- [BRIEF]:
What you print should match the entries exactly, only without the pictures.

((

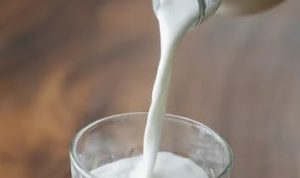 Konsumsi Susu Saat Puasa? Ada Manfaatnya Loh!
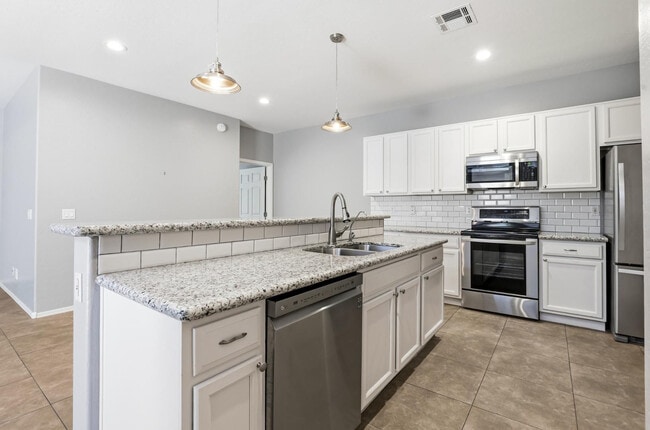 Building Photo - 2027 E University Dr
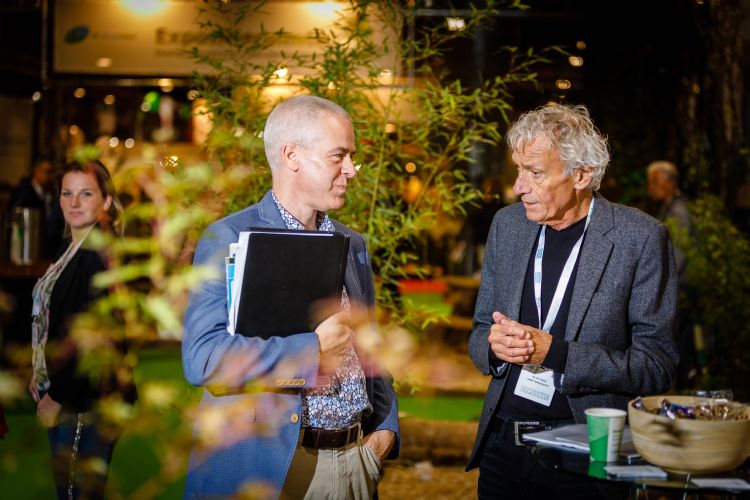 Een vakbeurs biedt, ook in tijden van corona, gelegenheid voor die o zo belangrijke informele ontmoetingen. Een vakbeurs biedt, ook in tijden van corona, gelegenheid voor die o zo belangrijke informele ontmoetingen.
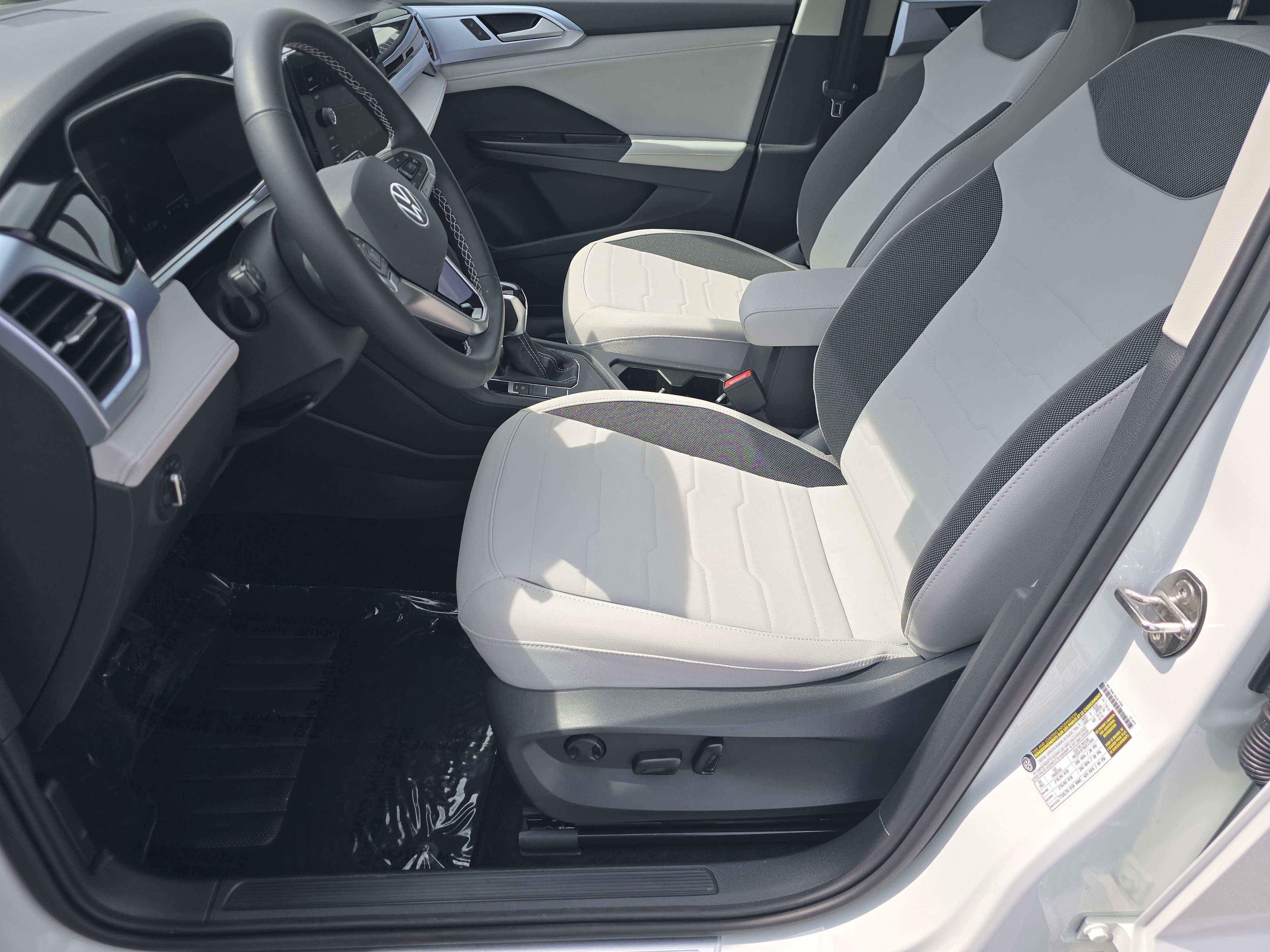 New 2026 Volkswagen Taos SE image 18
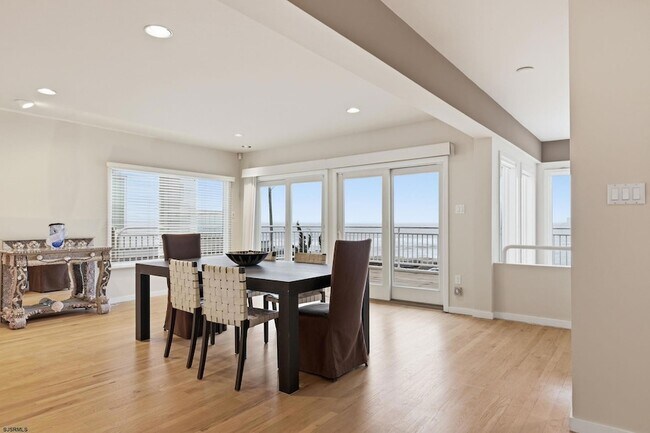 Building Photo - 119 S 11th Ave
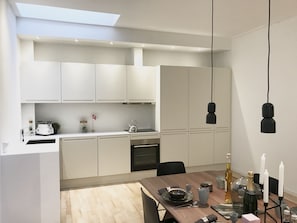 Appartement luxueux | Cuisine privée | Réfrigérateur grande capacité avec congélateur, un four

))

- [SOLUTION FOR THIS TASK]:
 Konsumsi Susu Saat Puasa? Ada Manfaatnya Loh!
 Building Photo - 2027 E University Dr
 Een vakbeurs biedt, ook in tijden van corona, gelegenheid voor die o zo belangrijke informele ontmoetingen. Een vakbeurs biedt, ook in tijden van corona, gelegenheid voor die o zo belangrijke informele ontmoetingen.
 New 2026 Volkswagen Taos SE image 18
 Building Photo - 119 S 11th Ave
 Appartement luxueux | Cuisine privée | Réfrigérateur grande capacité avec congélateur, un four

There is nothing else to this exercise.